To figure out how to deal with this problem I ripped several CDs of different
types using various AccurateRip-aware programs, and compared the results I got.
I consider `dBpoweramp` to be the reference implementation: it was created by
the same entity which operates AccurateRip database.

AccurateRip database lookup is based on a disc fingerprint of the following
format: `nnn-aaaaaaaa-bbbbbbbb-ffffffff`. The fields are:

* `nnn`: number of tracks on CD (decimal),
* `aaaaaaaa` and `bbbbbbbb`: two types of AccurateRip disc IDs (hex),
* `ffffffff`: [FreeDB disc ID] (hex).

All fields are padded with zeros if they would be shorter than 3 or 8 digits.
The three types of disc IDs are calculated based on the CD table of contents
(TOC).

## Enhanced CD (Blue Book)

Let's use "Liquid" by Recoil as an example.
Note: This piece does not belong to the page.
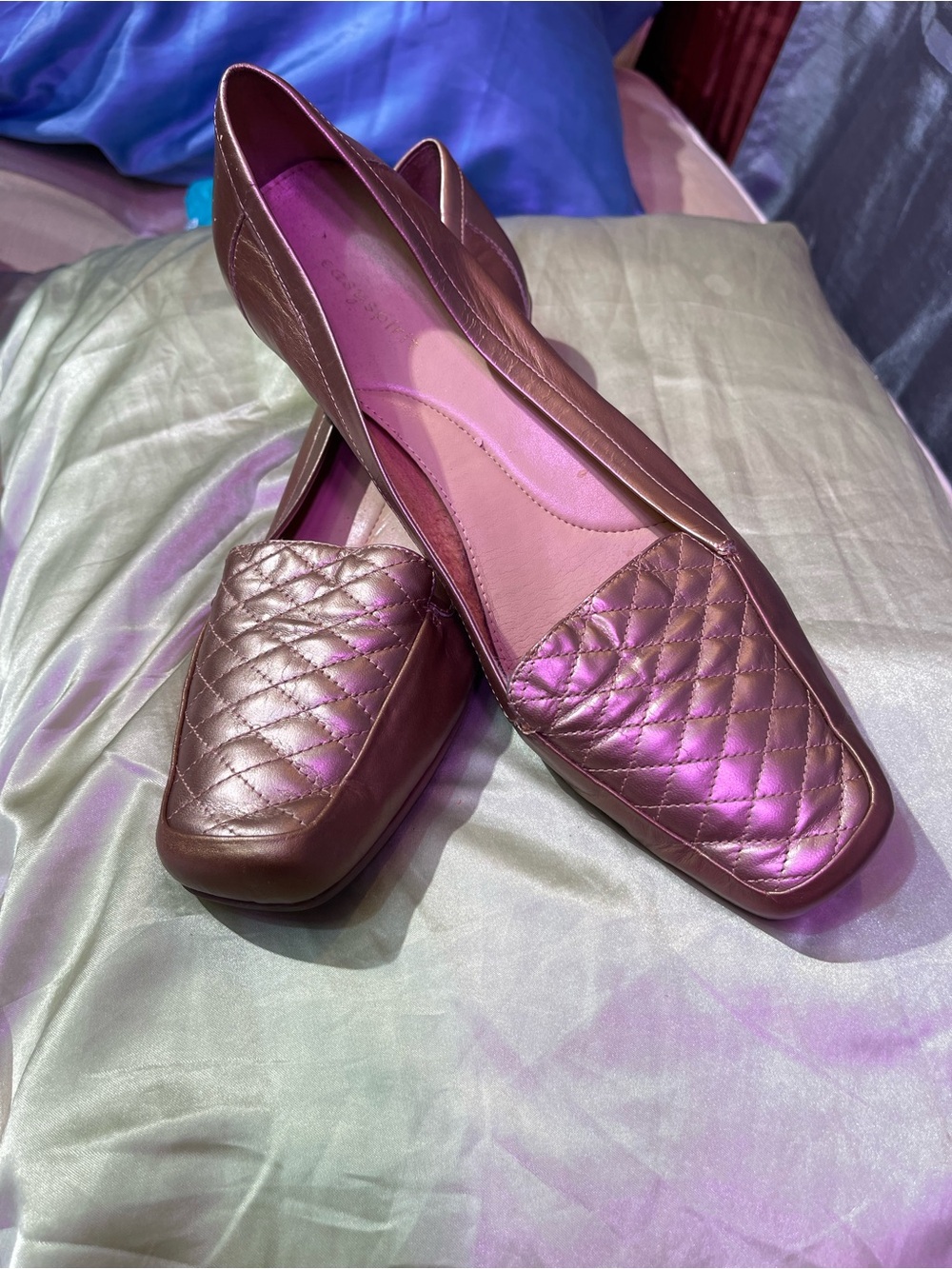 Life Stride Metallic Quilted Square-Toe Flats in Rose Brown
It has 10 audio tracks followed by
one data track.

Calculated full AccurateRip disc IDs are:

* `010-00164419-00b9f6e2-9e11600b` (calculated by `dBpoweramp` and `EAC` - correct)
* `010-00154c2f-00af4fd4-890e120a` (calculated by `Whipper` and `ARver` prior to `v0.5.0` - wrong!)

Only the number of tracks (`010`) is the same, all three disc IDs are different.
`dBpoweramp` and `EAC` verify the checksums of my ripped files correctly, but
`Whipper` and old `ARver` versions do not (I get no matching checksums).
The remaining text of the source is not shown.